The Summer of the Analog Adult

Reclaiming summer 

It happens around the same time every year. The school year wraps up, the schedules clear out, and within forty-eight hours of the initial excitement wearing off, it happens. A child walks into the kitchen, slumps against the counter, and delivers that familiar, inevitable summer refrain: I’m boooored.

As modern parents, our instinct is to immediately jump into fix-it mode. We scramble for the iPad, we rattle off a list of expensive camps, or we guiltily surrender to a movie marathon just to buy an hour of peace. In past years, we’ve talked extensively in this space about the superpower of childhood boredom and how a bucket of stones and a cardboard box can fuel a child’s imagination for hours.

But this year, let’s turn the lens around.

If we want our children to step away from the hyper-stimulating, algorithm-driven virtual world and embrace the messy, slow, wonderful real world, we have to ask ourselves a vulnerable question: What does our own relationship with reality look like?

Welcome to the summer of the Analog Adult.

The paradox of the vibrating wrist

It is a beautiful irony of 21st-century parenting that we can passionately lecture a child about the dangers of TikTok screen addiction while simultaneously checking a work email on our smartwatch, replying to a text on our phone, and half-watching a recipe video on the kitchen tablet.

Children are world-class anthropologists. They don't just listen to what we say; they meticulously study how we live. If they look up from their LEGO bricks and consistently see the top of our heads bent over glowing rectangles, the unspoken message is clear: the real action is happening online, not right here in front of us.

This isn’t about parental guilt. It’s about a family ecosystem. If we treat screens like a childhood vice to be policed rather than a family habit to be modelled, we create a dynamic of friction and resentment. To foster the independent, inquiry-driven, self-reliant minds we celebrate at Walden, we have to show them that the offline world is a place where adults actually want to hang out.

Trading scrolls for space

So, how do we transition from digital enforcers to analog role models? We start small, and we make it a bit of a game.

This summer, try introducing the Family Analog Hour.

Pick a window of time, perhaps late afternoon when the day is winding down and establish a sacred house rule: everyone’s devices go into a designated drawer, completely out of sight and out of mind. Yes, even yours. No "just checking this real quick" for Mom, no smartwatches vibrating for Dad.

The first fifteen minutes will likely feel excruciating. You will experience phantom vibration syndrome. Your brain will scream for a quick hit of dopamine. Your kids will stare at you like you’ve cancelled Christmas.

But then, the magic happens.

Because human beings are inherently wired for connection, the vacuum left by the screens will force something else to fill it. You might find yourself sitting on the porch doing absolutely nothing.

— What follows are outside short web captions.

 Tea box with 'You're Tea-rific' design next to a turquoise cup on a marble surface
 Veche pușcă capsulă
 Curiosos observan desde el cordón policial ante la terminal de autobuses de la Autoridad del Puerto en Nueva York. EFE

You might pull out an old deck of cards.

When your children see you navigating a moment of quiet without reaching for a digital pacifier, you are giving them permission to do the same. You are demonstrating that solitude isn’t a vacuum to be feared, but a space to be enjoyed.

Becoming intentionally inefficient

Summer is the perfect season to reject the adult obsession with productivity and efficiency. Let’s model what it looks like to do things the long way.

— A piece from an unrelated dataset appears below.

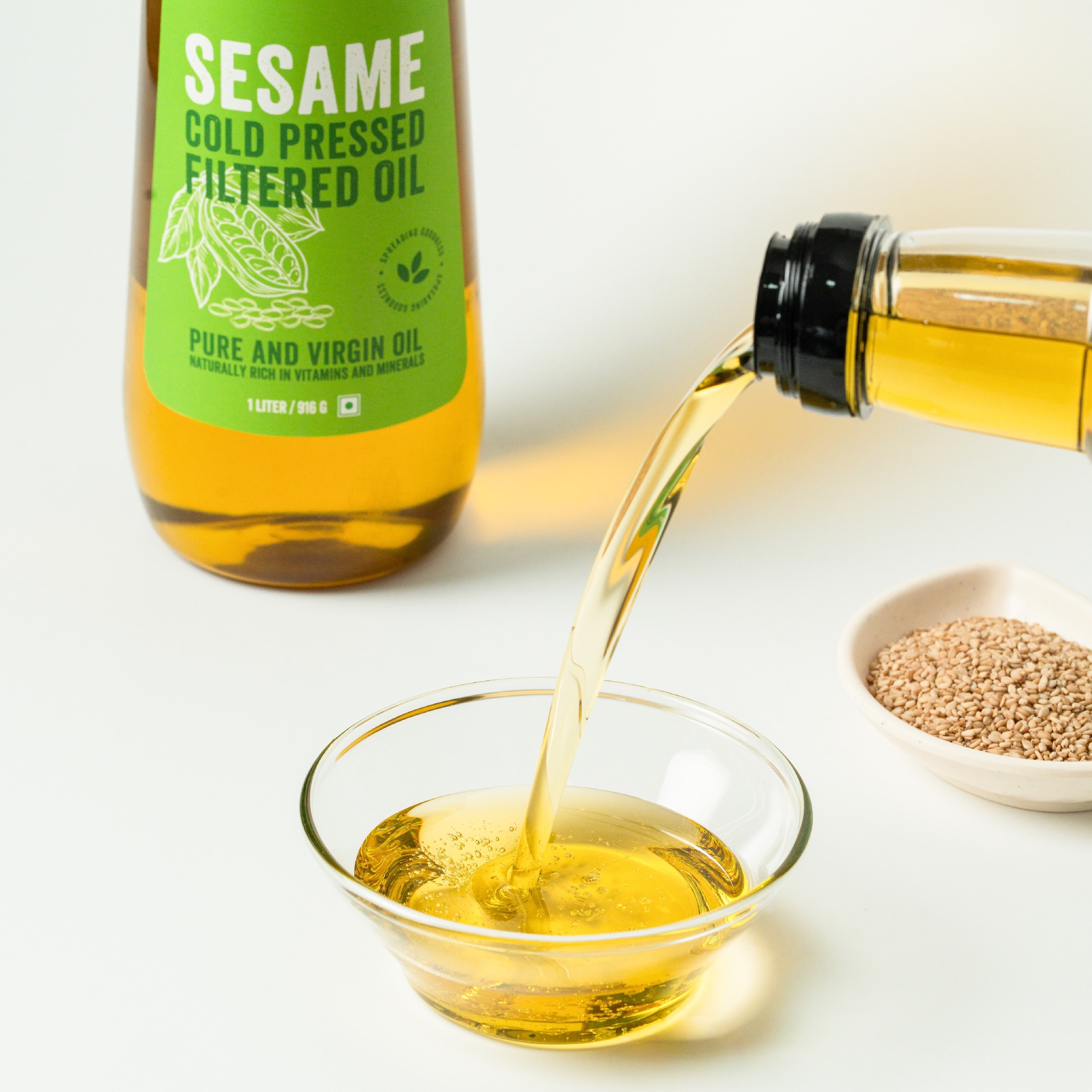 COLD PRESSED FILTERED SESAME OIL 1 L with sesame seeds in the background creating S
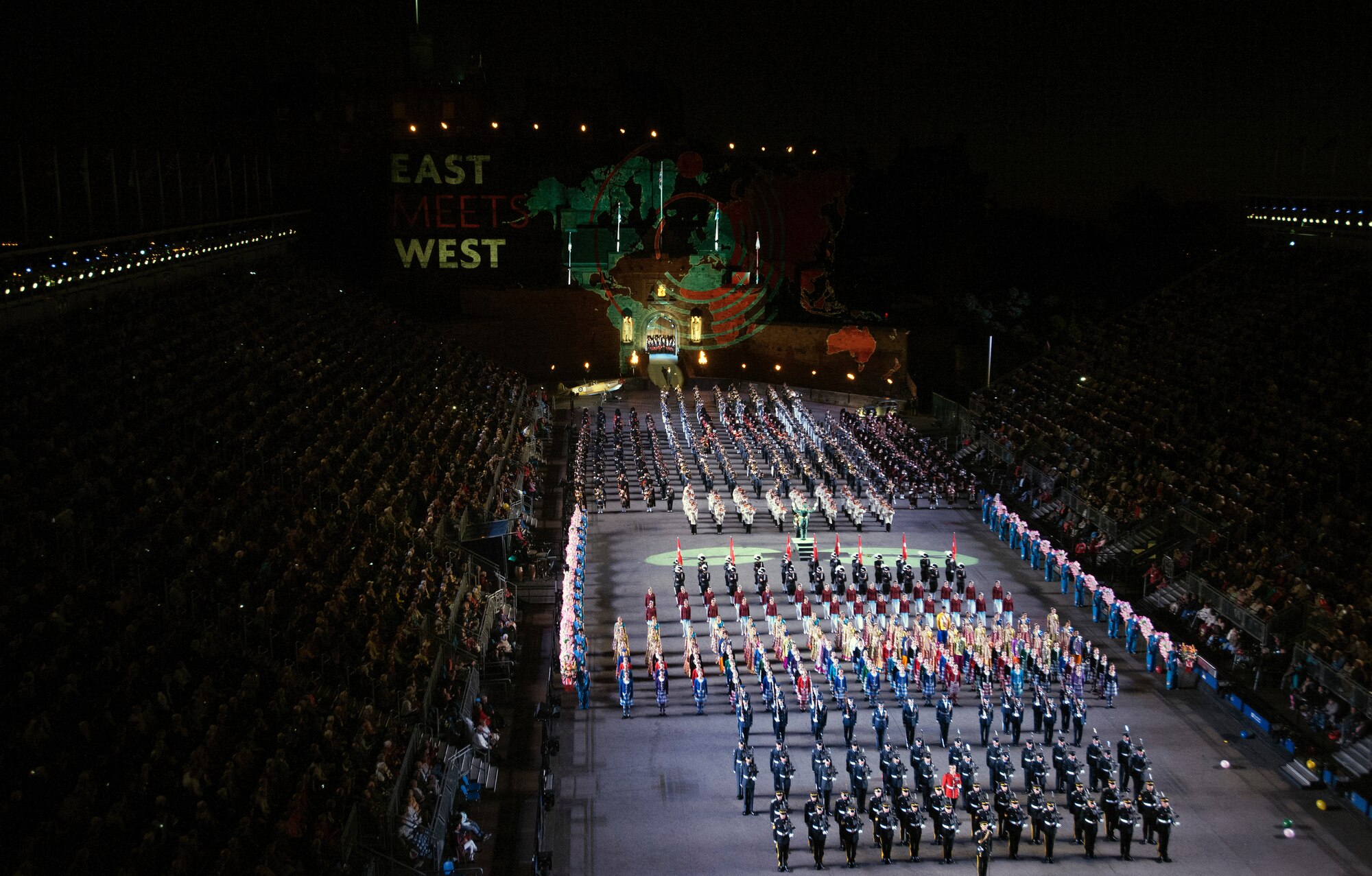 Performers stand in formation during the Royal Edinburgh Military Tattoo on the Esplanade of the Edinburgh Castle in Edinburgh, Scotland Aug. 6, 2015. The 66th production of the tattoo welcomes more than 220,000 spectators from around the world for more than 3 weeks. The event includes 17 acts for 25 performances and welcomes more than 1,390 performers from the US, Europe, Asia, Australia and Canada. The show features Bollywood dancers from India, the Military Band of the People’s Liberation Army of China, the Top Secret Drum Corps from Switzerland, the Royal Air Force and Queen’s Colour Squadron Mass Band and more. (U.S. Air Force photo/Staff Sgt. Nichelle Anderson/Released)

  • Ditch the GPS: Take a walk or a bike ride through a neighbourhood you don't know well. Get slightly lost. Show your kids how to navigate using landmarks, a paper map, or just intuition. Let them see you handle the minor discomfort of not knowing exactly where you are.

  • The Snail-Mail Revival: Pick a rainy afternoon for your kids to write a letter or postcard by hand to a grandparent, friend, or classmate. The process of writing by hand, finding an envelope, licking a stamp, and walking to a Canada Post box introduces a beautiful lesson in delayed gratification that a text message simply cannot replicate.

  • Read a Real Book: Let your children see you turning physical pages. There is a profound psychological difference for a child between seeing a parent stare at a Kindle (which looks identical to reading a work email) and seeing a parent holding a dog-eared paperback.

The Walden vision

At Walden, our mission is to nurture Good People. Good people are present people. They are individuals who can look a neighbour in the eye, who can sit with their own thoughts, and who can find wonder in the ordinary.

This summer, let’s not just send our kids outside to play while we stay inside to scroll. Let’s join them in the analog world. Let’s get our hands dirty, let’s leave the phones on the kitchen counter, and let’s rediscover the slow, unadorned joy of just being.

Have a wonderful, beautifully boring, delightfully analog summer!